**The task:** Print the whole listing below exactly, skipping every picture.

**Raw data:**
☆ ☆ ☆
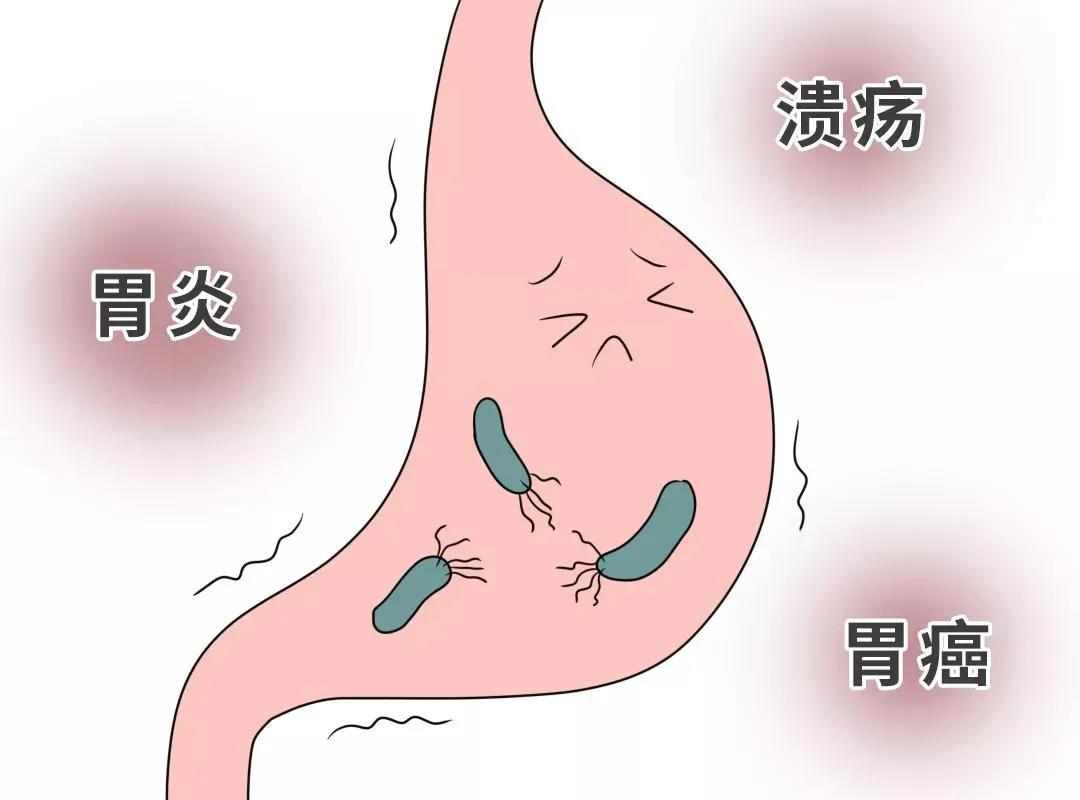 致癌？据明珠医院检验统计：每5人就有1个感染，该如何治疗？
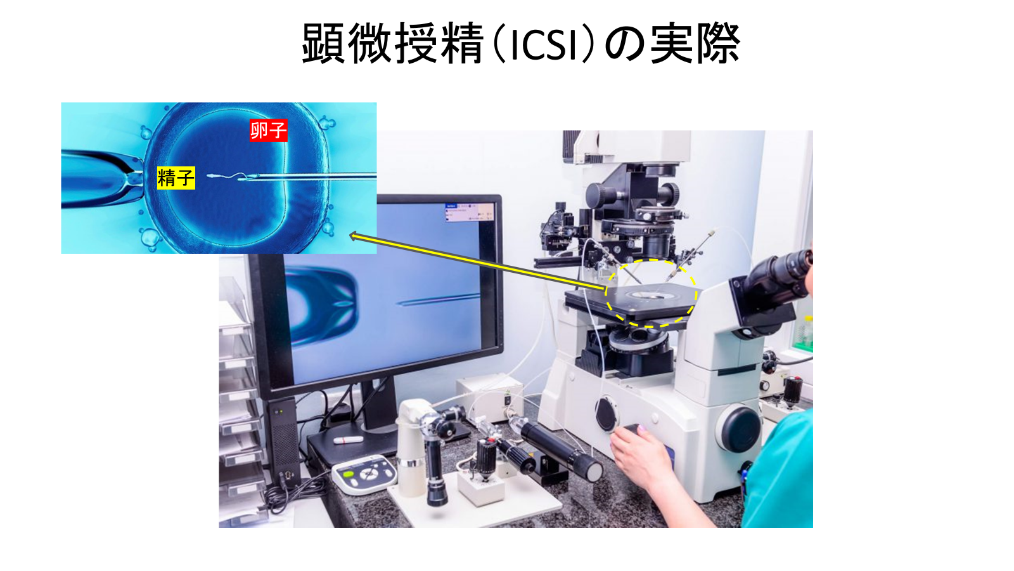 イメージ図 顕微授精の実際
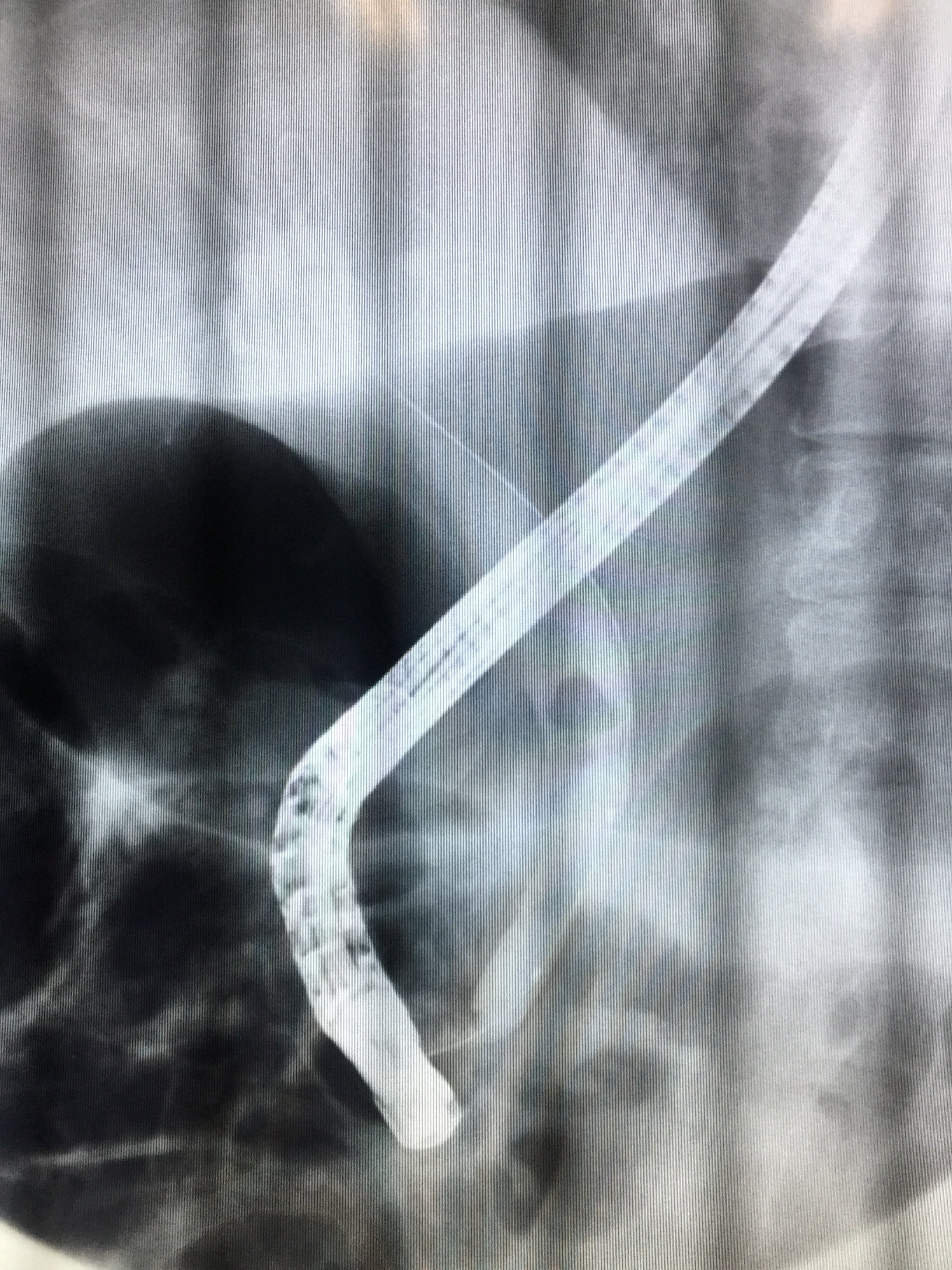ercp造影见胆总管结石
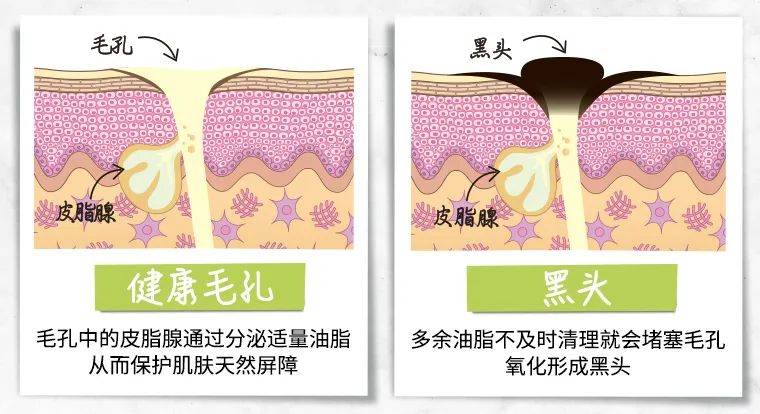 科颜氏白泥优惠价,科颜氏白泥正确使用方法时间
☆ ☆ ☆
**Problem solution:**
 致癌？据明珠医院检验统计：每5人就有1个感染，该如何治疗？
 イメージ図 顕微授精の実際
ercp造影见胆总管结石
 科颜氏白泥优惠价,科颜氏白泥正确使用方法时间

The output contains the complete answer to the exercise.